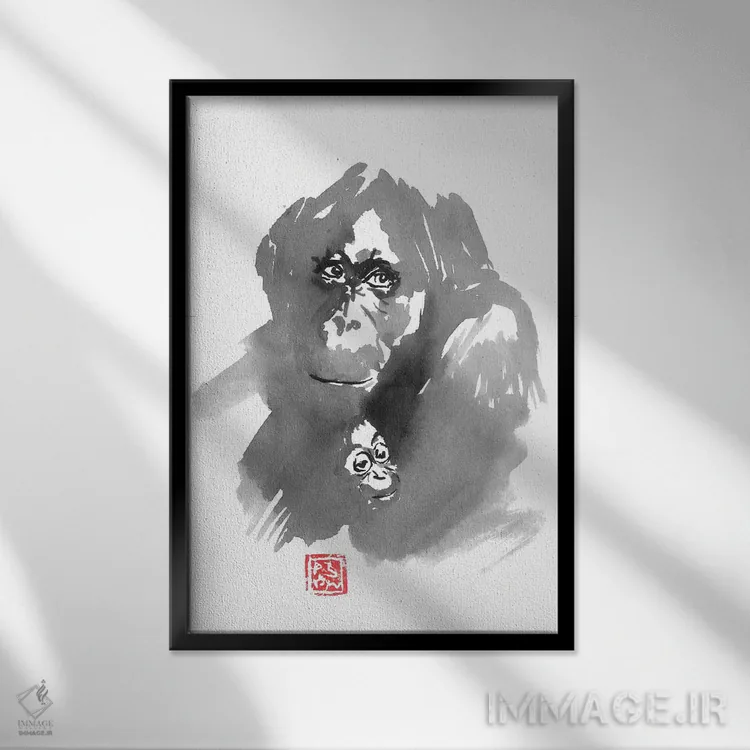 تابلو دکوراتیو خانواده گوریل اثر پشان - نمای قابدار مشکی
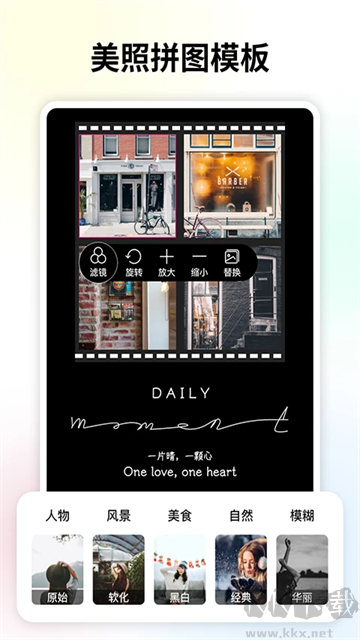 變老相機(jī)app免費(fèi)版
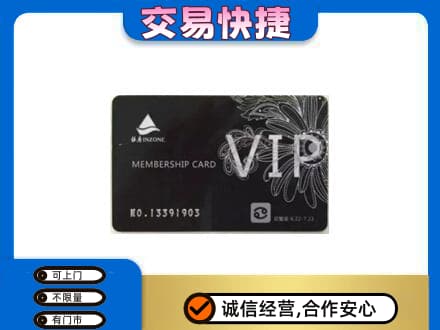 德宏上门回收银座卡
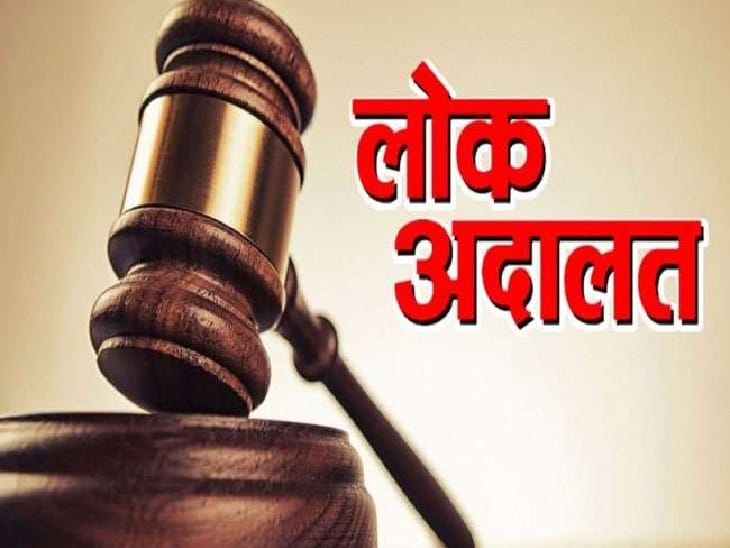 लोकअदालत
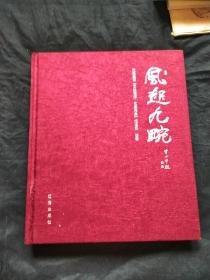 风起九畹
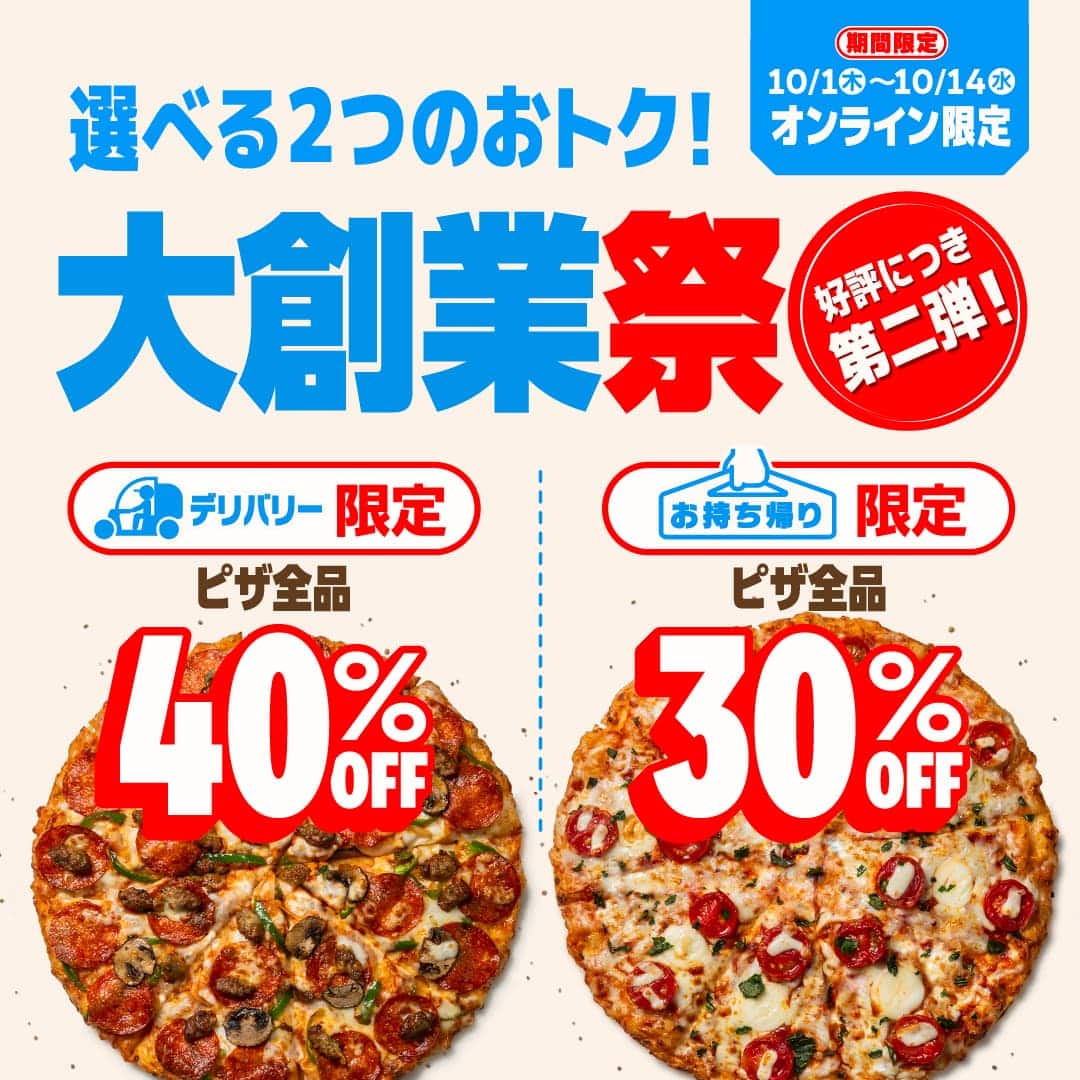 おトクな情報｜ドミノ・ピザ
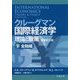 クルーグマン国際経済学 理論と政策〈下〉金融編 [単行本]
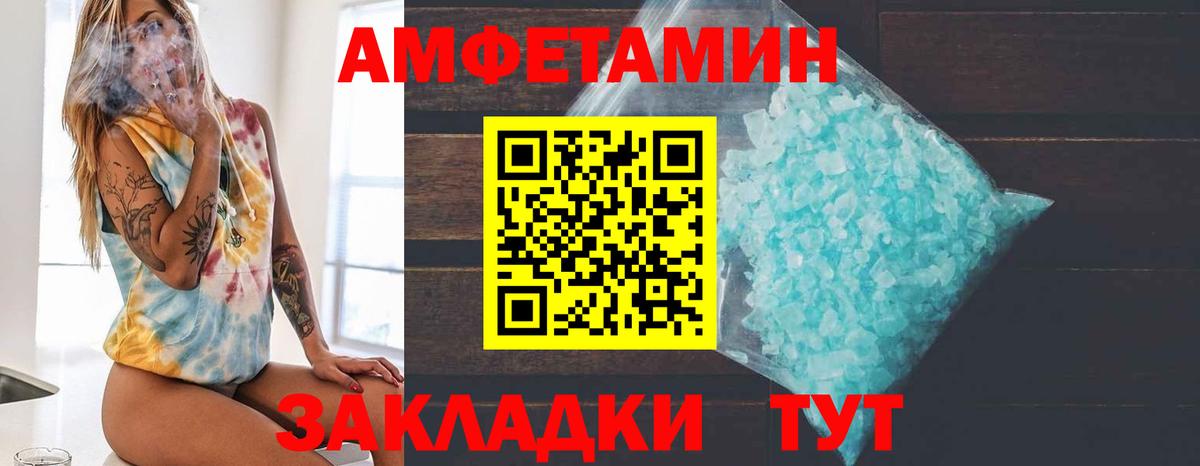 МЕТАМФЕТАМИН Methamphetamine  Вход с VPN  МЕТАМФЕТАМИН Methamphetamine  Северобайкальск 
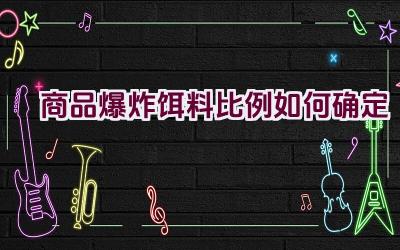 商品爆炸饵料比例如何确定插图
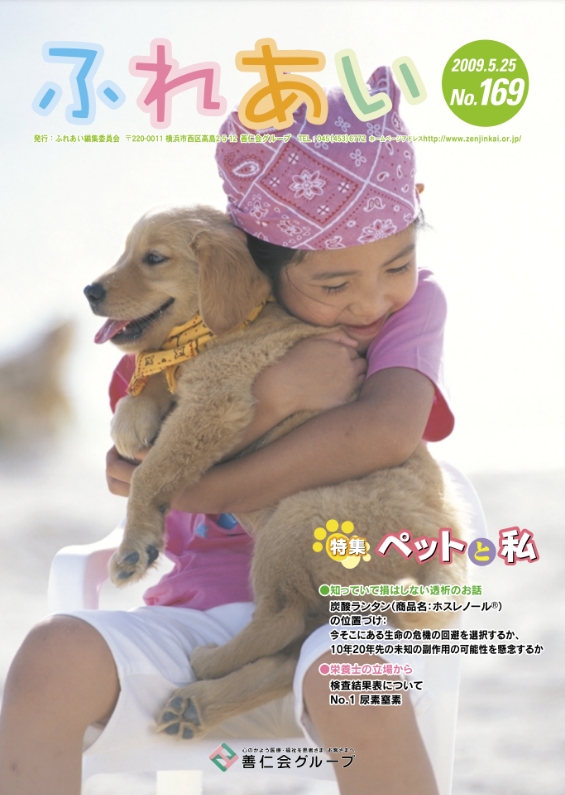 169号(2009年5月発行)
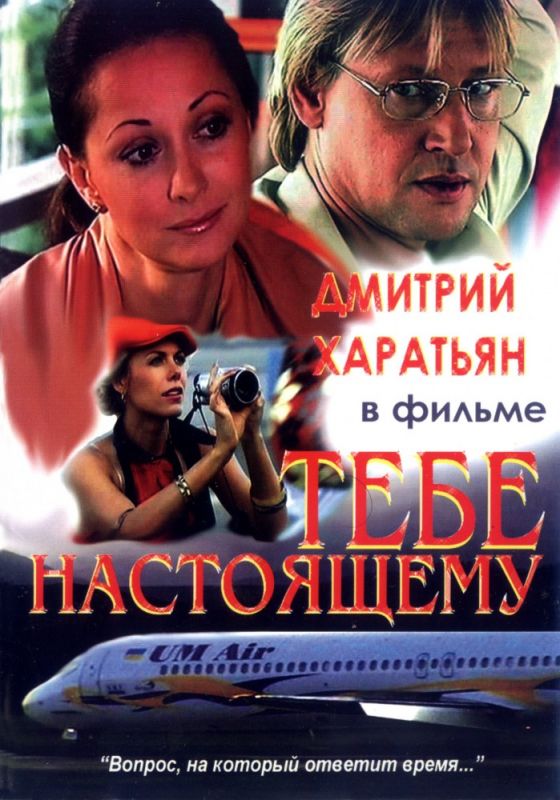 Тебе настоящему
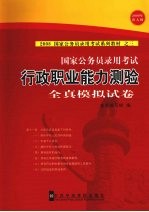 国家公务员录用考试《行政职业能力测验》全真模拟试卷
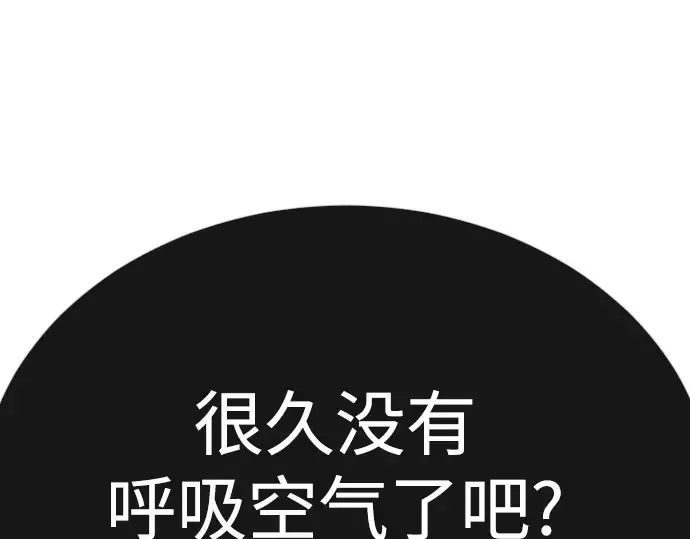 第二季 第91话 第68页
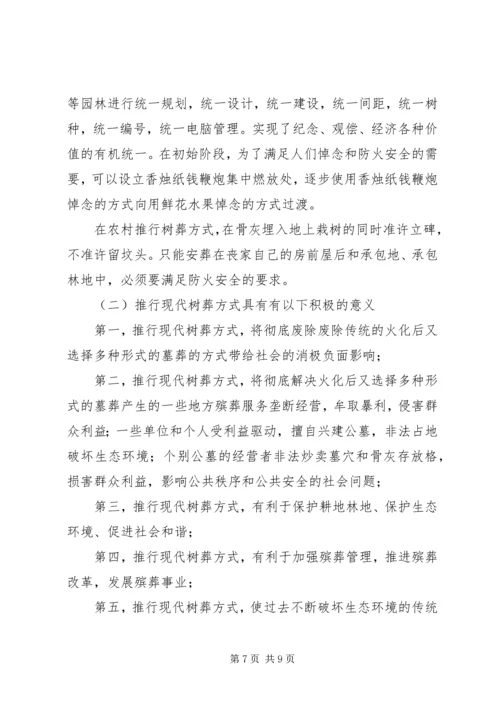 我国殡葬改革树葬报告.docx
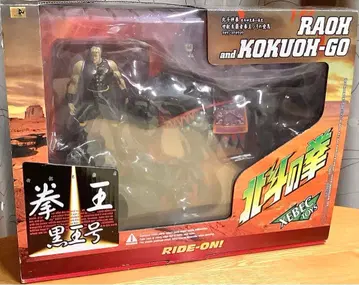 북두의 권 라오우 흑왕호 피규어 XEBEC TOYS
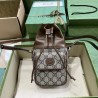 gucci mini bucket bag replicates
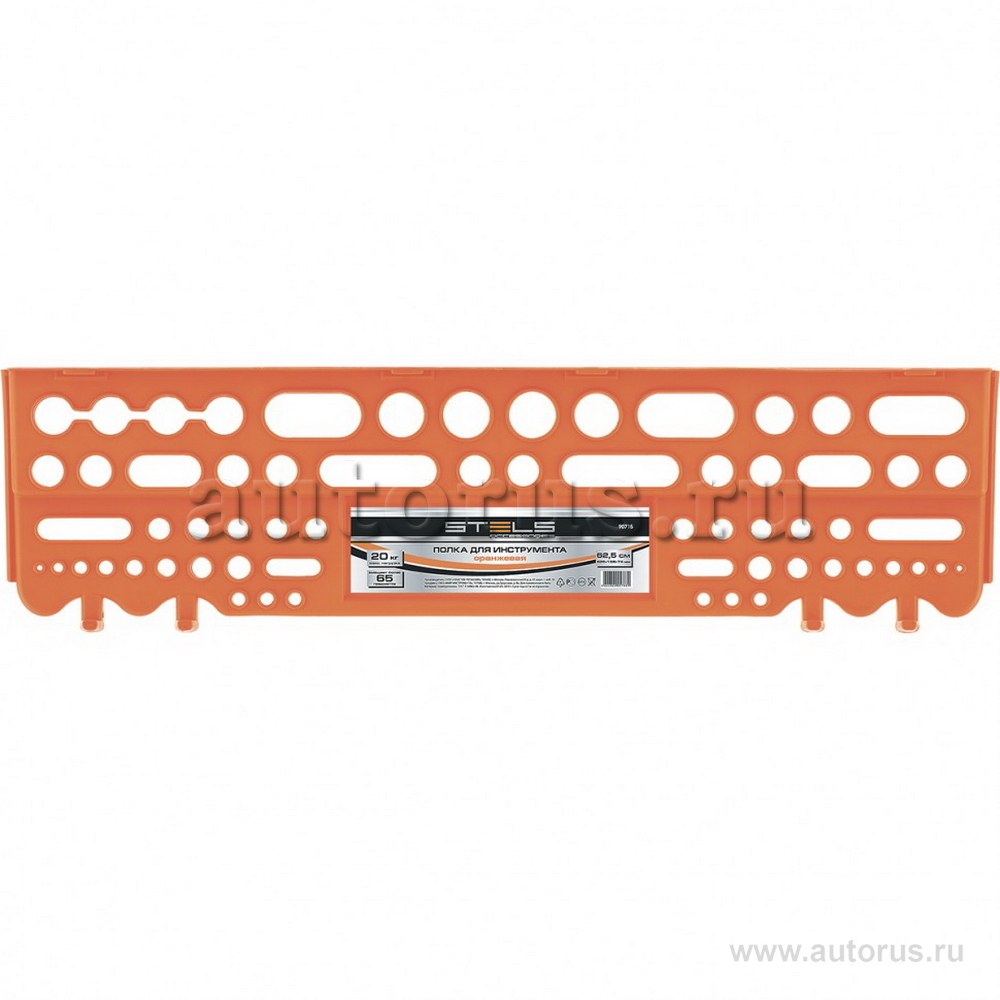 Полка для инструмента 62,5 см, оранжевая Stels 90715 STELS 90715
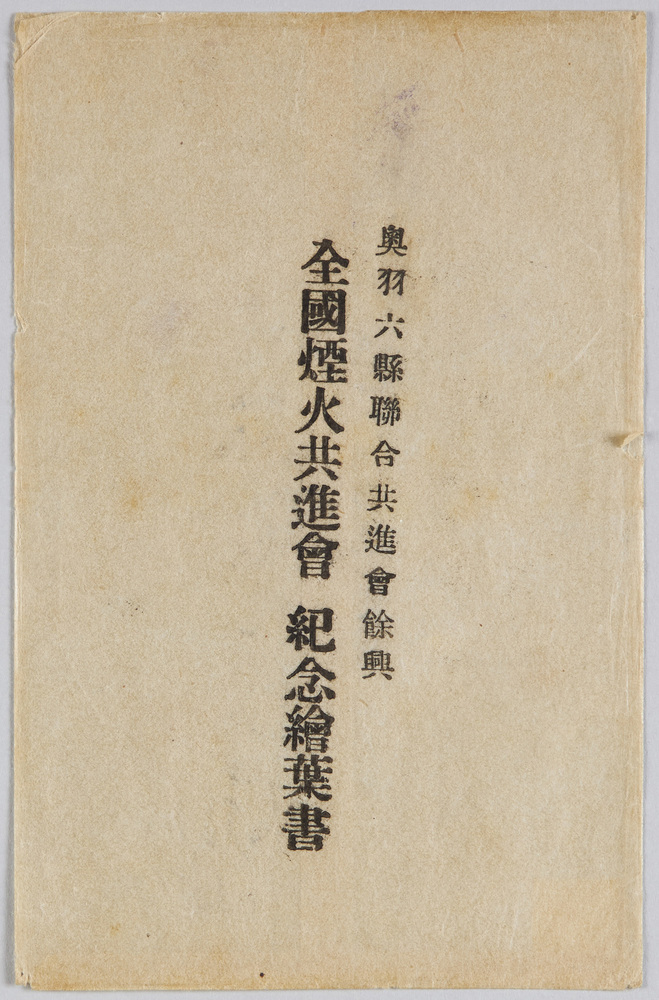 作品画像:奥羽六県連合共進会余興 全国煙火共進会 紀念絵葉書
════
| EXERCISE REQUIREMENTS |
From the first line to the last, repeat the records above exactly, leaving out the pictures.

| SOLUTION TO THE EXERCISE |
 تابلو دکوراتیو خانواده گوریل اثر پشان - نمای قابدار مشکی
 變老相機(jī)app免費(fèi)版
 德宏上门回收银座卡
 लोकअदालत
 风起九畹
 おトクな情報｜ドミノ・ピザ
 クルーグマン国際経済学 理論と政策〈下〉金融編 [単行本]
 МЕТАМФЕТАМИН Methamphetamine  Вход с VPN  МЕТАМФЕТАМИН Methamphetamine  Северобайкальск 
 商品爆炸饵料比例如何确定插图
 169号(2009年5月発行)
 Тебе настоящему
 国家公务员录用考试《行政职业能力测验》全真模拟试卷
 第二季 第91话 第68页
 我国殡葬改革树葬报告.docx
 북두의 권 라오우 흑왕호 피규어 XEBEC TOYS
 gucci mini bucket bag replicates
 Полка для инструмента 62,5 см, оранжевая Stels 90715 STELS 90715
 作品画像:奥羽六県連合共進会余興 全国煙火共進会 紀念絵葉書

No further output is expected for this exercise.